So the micro-voltmeter was working quite well, and all seemed fine. But taking a second look at it, the output buffer is, well, non-optimum at best. It is instructive to go through why in some detail.
The adjustment has been omitted for simplicity. I shall just assume that it magically has appropriate values to give exactly 1 volt on the display, corresponding to 1 V input relative to the -2.5 V rail.

Now what happens if the positive regulator changes by 100ppm due to a 1°C in its 100ppm/°C output rating?
100ppm (0.01%) is 250 µV. This is scaled by a factor of -1 by R2/R1 giving 250 µV at the input the DVM module. That is 2.5 digits, which is ridiculously high. It needs to be 10x better than that at least. Then we have the tracking TC of R2 to R1 which is 200 ppm/°C (worst case), so that is bad as well.

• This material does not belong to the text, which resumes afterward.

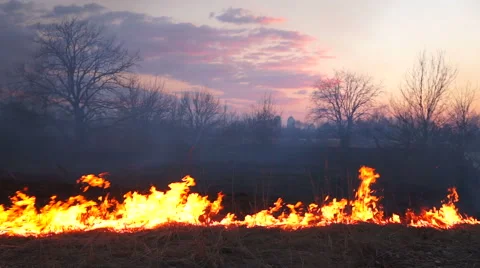 Burning grass in the park Stock-Footage 48071774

Let’s try the same thing on the negative rail. Suppose the -2.5V rail rises by 250 µV. The output of falls by 250 µV x 100/240 = 104 µV. The overall change of input voltage (as seen by the DVM module) is 354 µV. The tracking TC of R2/R3 has the same scaling factor.
Whilst one could (theoretically) improve all the component TCs by a factor like 50x better, the circuit is fundamentally lousy.
I did consider using a -1V reference, hanging down from ground, and then powering the DVM module from a buffered version of this. But that means the DVM module has to run straight from the unregulated battery, and only works when the top battery is above 4 V. Not workable.
So the next version will need a x1 diff amp with 4 well matched resistors, and a 1 V regulator standing up from the -2.5 V rail.